Task instructions:
Exactly the lines from the beginning of the records to the line with "Ein Computerbild auf", both ends included, are to be given again, and pictures are to be left out.

Data extract:
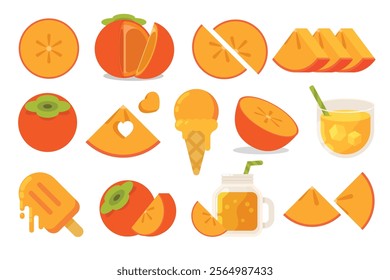 Set of orange Persimmon, Farm fresh product emblem for grocery shop, collection of ice cream, Juice jar, glass of juice, ice cream cone and stick, simple flat vector illustration of fruits.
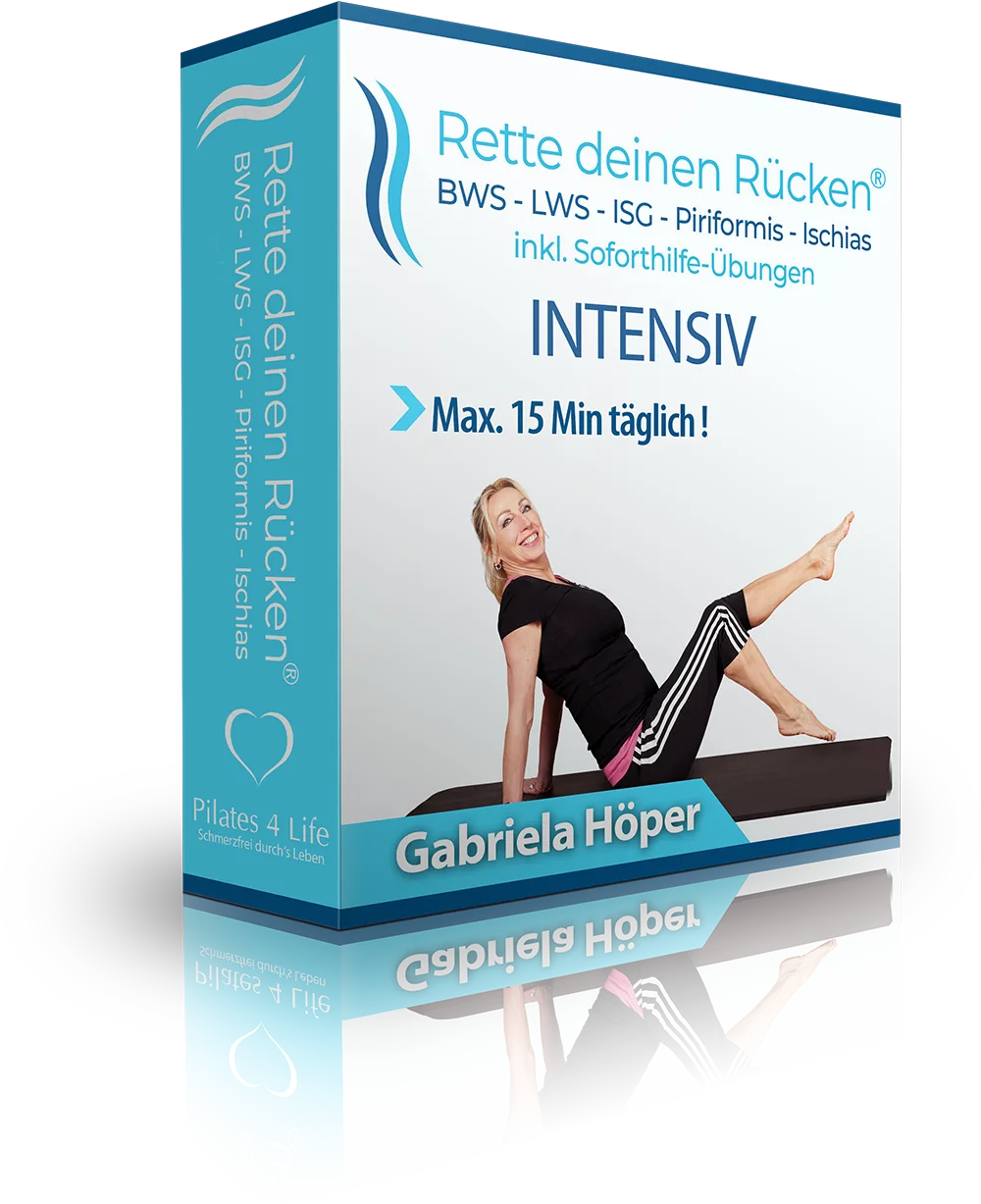 Rette deinen Rücken® Intensiv Produktbox mit Gabriela Höper auf Pilates-Roller, Max. 15 Min täglich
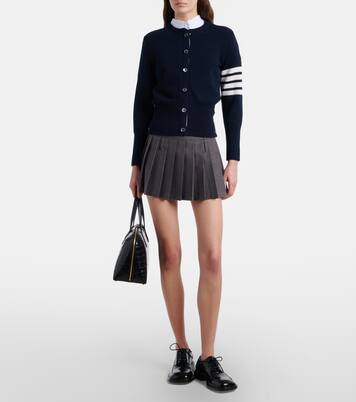 4-Bar intarsia virgin wool cardigan | Thom Browne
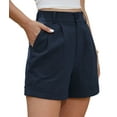 thumbnail image 3 of Asklazy Womens Summer High Waist Linen Shorts Roll Up Pleated Zippered Wrap Hem Wide Leg Shorts with Pockets,US Size,M,Navy Blue, 3 of 11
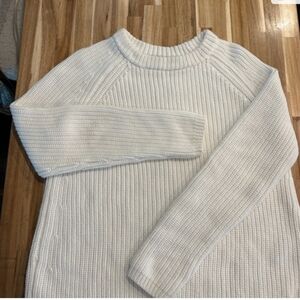 Quince Cream Ribbed Crewneck Sweater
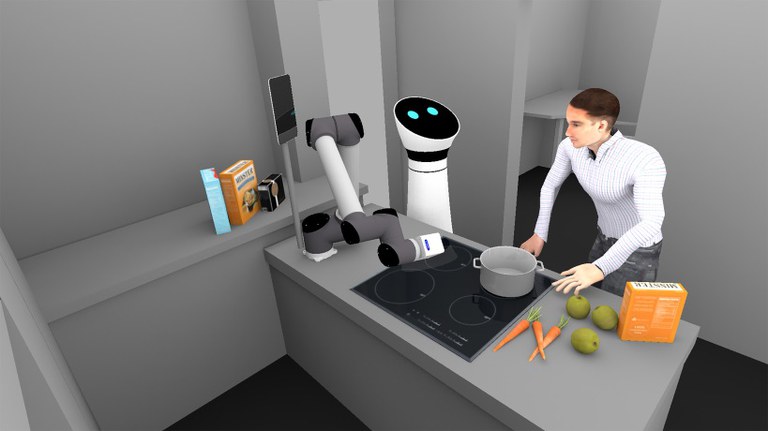 Ein Computerbild auf dem jemand kocht während ein Roboter neben ihm steht. 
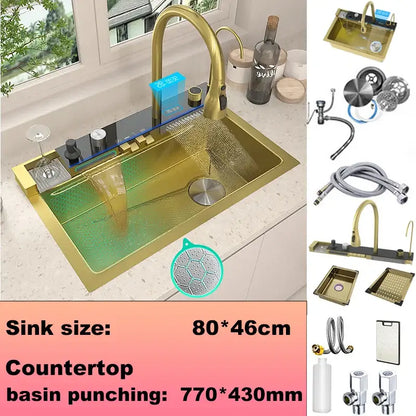 Modern black stainless steel double basin kitchen sink with gold waterfall faucet and integrated drain features stainless steel design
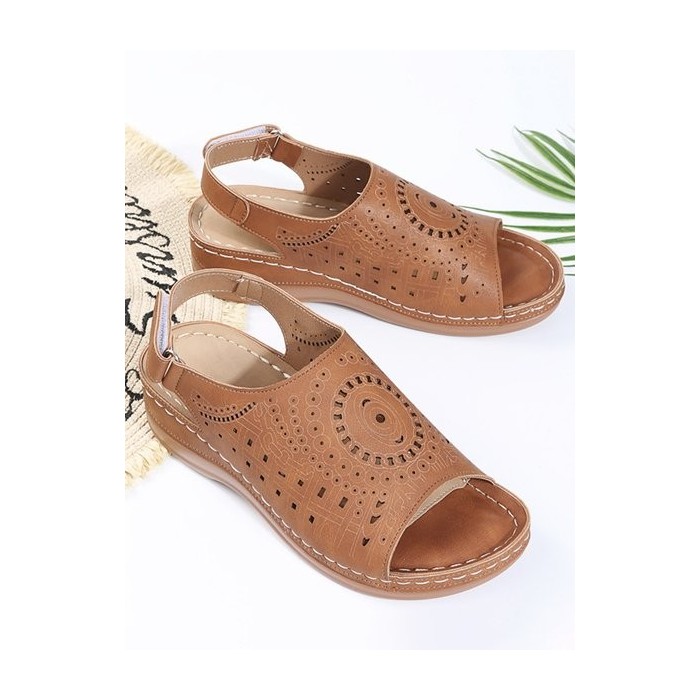 JFN Ethnic Pattern Punched Hollow Velcro Vintage Sandals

Result for this exercise:
 Set of orange Persimmon, Farm fresh product emblem for grocery shop, collection of ice cream, Juice jar, glass of juice, ice cream cone and stick, simple flat vector illustration of fruits.
 Rette deinen Rücken® Intensiv Produktbox mit Gabriela Höper auf Pilates-Roller, Max. 15 Min täglich
 4-Bar intarsia virgin wool cardigan | Thom Browne
 thumbnail image 3 of Asklazy Womens Summer High Waist Linen Shorts Roll Up Pleated Zippered Wrap Hem Wide Leg Shorts with Pockets,US Size,M,Navy Blue, 3 of 11
 Quince Cream Ribbed Crewneck Sweater
 Ein Computerbild auf dem jemand kocht während ein Roboter neben ihm steht. 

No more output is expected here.